(Exercise goal)
In the entries below, begin at the line with "Patient 3 was" and stop after the line with "Hello, my name"; output those lines exactly and omit the pictures.

%%

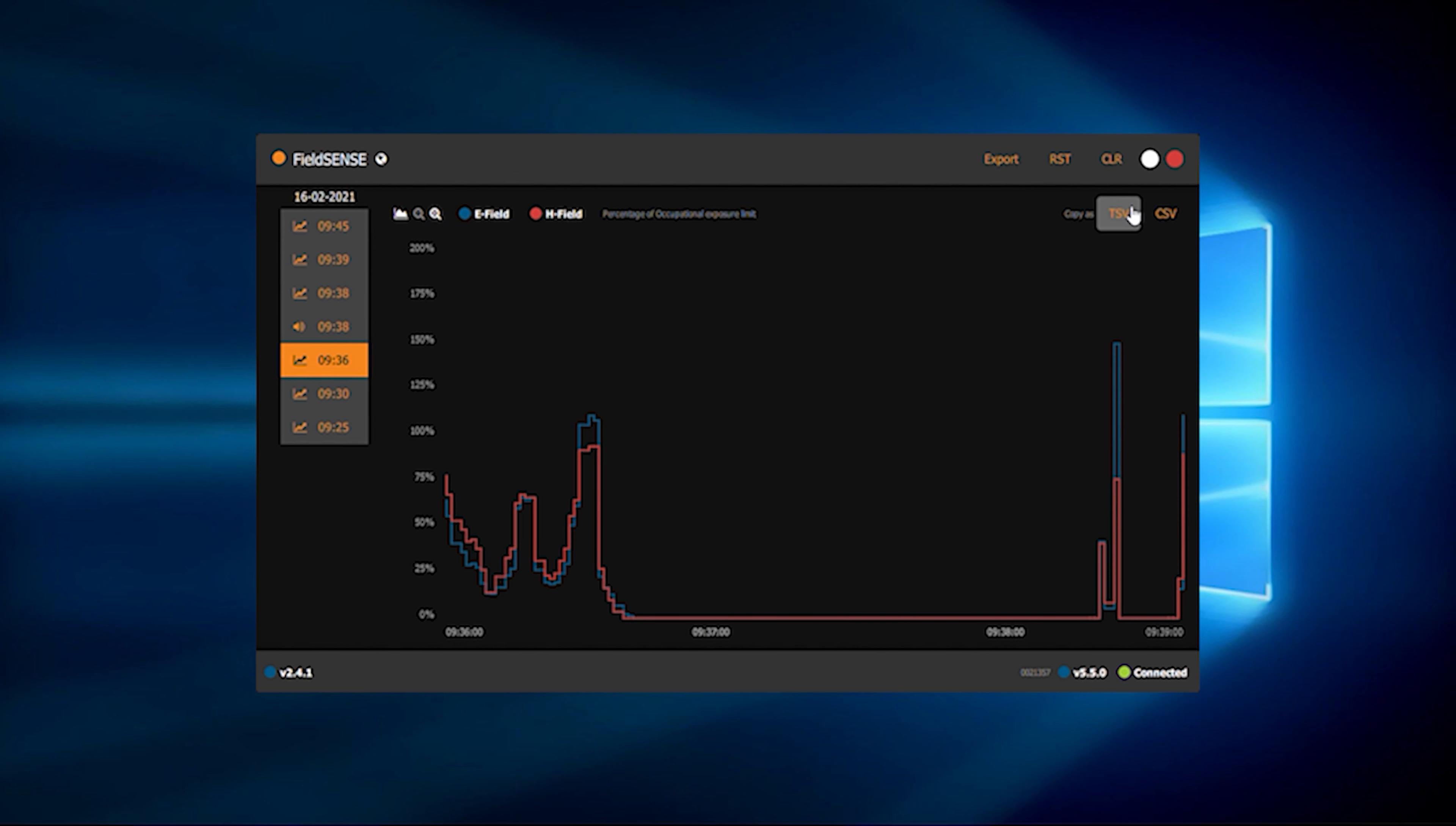By pressing on the graph icon, you can change between exposure or E and H fields separately indicated on the graph.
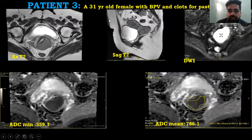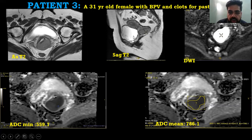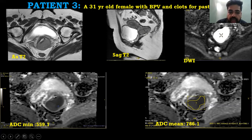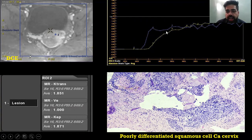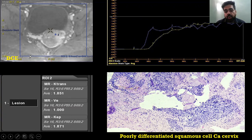Patient 3 was a 31-year-old female with per vaginal bleeding and passage of clots. Axial T2 showed a mass lesion involving the cervix. Diffusion-weighted imaging showed restriction. ADC minimum was 539.7 and ADC mean was 786.1. On dynamic contrast, the lesion showed early enhancement compared to the myometrium. K-trans was 0.851, and histopathology showed poorly differentiated squamous cell carcinoma of the cervix.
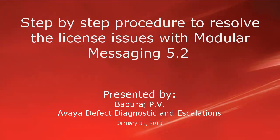Hello, my name is Baburaj Vivi with Avaya DDE team. This video is about the step-by-step procedure to resolve the license issues with Modular Messaging 5.2.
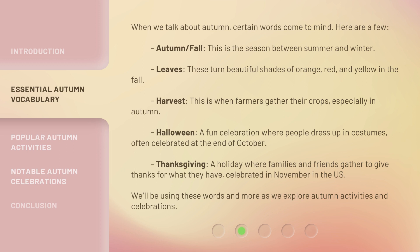Halloween — a fun celebration where people dress up in costumes, often celebrated at the end of October. Thanksgiving — a holiday where families and friends gather to give thanks for what they have, celebrated in November in the U.S. We'll be using these words and more as we explore autumn activities and celebrations.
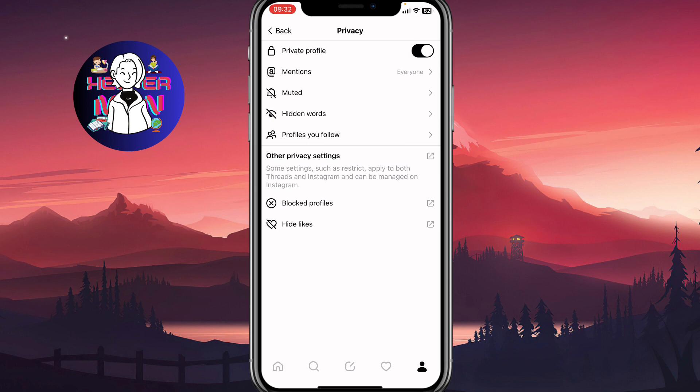The same way you can disable private profile on Threads. Hope this video helped you out. Leave a like, subscribe, and goodbye guys.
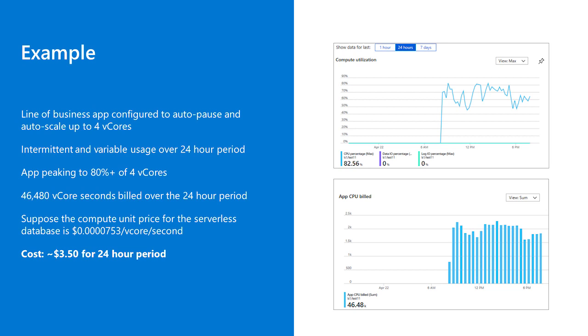Per-second billing is different from how we typically bill on provisioned compute options, which is by the hour. Let's take a line-of-business application — maybe it's the employee expense reporting and reimbursement system. Looking at a 24-hour period of usage history of that workload as reflected in the first chart, during the first 12 hours the database is actually paused. There's no compute being provided because it doesn't need compute during those 12 hours. During that time, there's no compute bill that accrues for the customer, and no vCore seconds accumulated over that period.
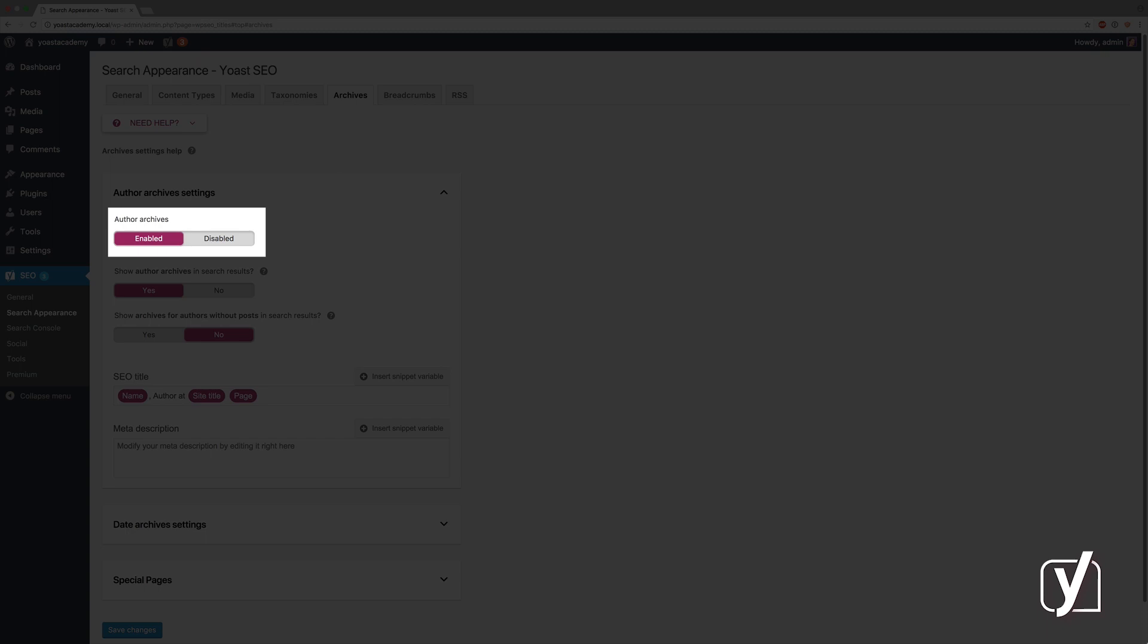If there are multiple authors on your site, however, then you can enable them, and you can treat them just like you can taxonomies and content types, and set the title template, the meta description template, and everything else.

%%

(Reply)
Patient 3 was a 31-year-old female with per vaginal bleeding and passage of clots. Axial T2 showed a mass lesion involving the cervix. Diffusion-weighted imaging showed restriction. ADC minimum was 539.7 and ADC mean was 786.1. On dynamic contrast, the lesion showed early enhancement compared to the myometrium. K-trans was 0.851, and histopathology showed poorly differentiated squamous cell carcinoma of the cervix.
Hello, my name is Baburaj Vivi with Avaya DDE team. This video is about the step-by-step procedure to resolve the license issues with Modular Messaging 5.2.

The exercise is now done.